Ein Vertreter der Regierung informierte die Delegation, dass in der Region rund um die Stadt Rumbek täglich mehr Menschen sterben als während des Krieges. Ursache der gewaltsamen Auseinandersetzungen sind alte Spannungen zwischen Völkern im Sudan und Ressourcenkonflikte um Land und Wasser. Die wachsende Zahl unorganisiert zurückkehrender Flüchtlinge verschärft die Notsituation. Beobachter haben den Eindruck, dass lokale Spannungen von politischen Interessengruppen gezielt angeheizt werden, um den Friedensprozess zu blockieren.

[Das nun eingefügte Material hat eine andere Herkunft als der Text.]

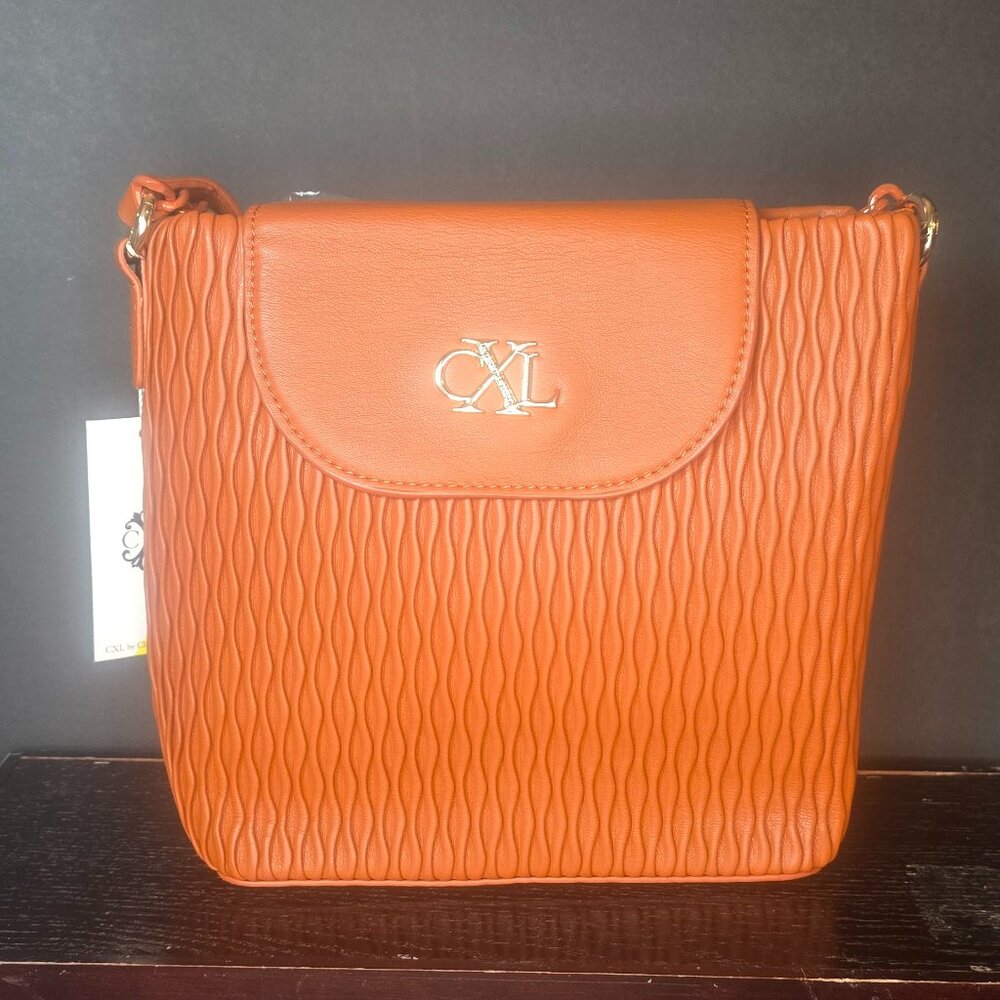 NWT CXL by Christian Lacroix-RITZ Ruching Bucket Handbag Rust color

Auch die Kriminalität wird zunehmend zum Problem. Tausende ehemaliger Widerstandskämpfer und Soldaten bekommen keinen Sold. Unter armseligen Bedingungen hausen sie außerhalb der Städte in provisorischen Lagern. Nahrung oder Kleidung müssen sie oft selbst organisieren. Dabei setzen sie immer häufiger Waffen ein.
"Die internationale Gemeinschaft muss ihrer Verantwortung gerecht werden, damit der Friedensvertrag endlich Früchte trägt", forderte Präses Schneider. "Die Hilfsorganisationen haben zwar mit Aufbaumaßnahmen begonnen, aber der Prozess geht nur zäh voran. Auf der politischen Ebene muss die internationale Gemeinschaft darauf bestehen, dass die Vereinbarungen des Friedensabkommens tatsächlich umgesetzt werden." Während eines Besuchs im Krankenhaus von Rumbek begegnete der Präses vielen Verwundeten mit Schussverletzungen. Gemeinsam mit dem sudanesischen Bischof Reuben Maciir von der Episcopal Church of Sudan war er ins Krankenhaus gefahren, um mit den Verwundeten zu sprechen und zu beten.
Eine große Herausforderung ist die Reintegration der vielen internen Vertriebenen und Flüchtlinge, die während des 22jährigen Bürgerkriegs ihre Heimat verlassen mussten. "Wir wollen endlich nach Hause", war die deutliche Botschaft der Vertriebenen, mit denen Präses Schneider sprach. Doch die im Friedensvertrag vereinbarte Rückführung in die Heimatdörfer hat noch nicht begonnen. Verminte Straßen und Felder sind nur ein Problem. "Die Dörfer und Gemeinschaften müssen auch darauf vorbereitet werden, die Rückkehrerinnen und Rückkehrer aufzunehmen", meinte Präses Schneider. "Dies ist eine logistische und eine pastorale Herausforderung. Die Menschen brauchen Heilung und Versöhnung, wenn der Frieden gelingen soll".
In Gesprächen mit Kirchenvertretern würdigte Präses Schneider die Rolle der sudanesischen Kirchen, die im Friedensprozess eine hörbare Stimme für die notleidende Bevölkerung waren. "Bei all den vielen Konflikten ist die Religion häufig das einzige, das die Menschen im christlich geprägten Süden miteinander verbindet", so Schneider. Der Präses ermutigte die Kirchen, sich weiterhin für das einzusetzen, was sich alle wünschen: ein friedliches Land. Gleichzeitig forderte er Kirchen und Hilfswerke in Europa auf, in ihrer ökumenischen Zusammenarbeit mit den Kirchen im Sudan nicht nachzulassen. "Die Menschen im Sudan brauchen unsere Solidarität, um den schwierigen Übergang in einen dauerhaften Frieden zu schaffen."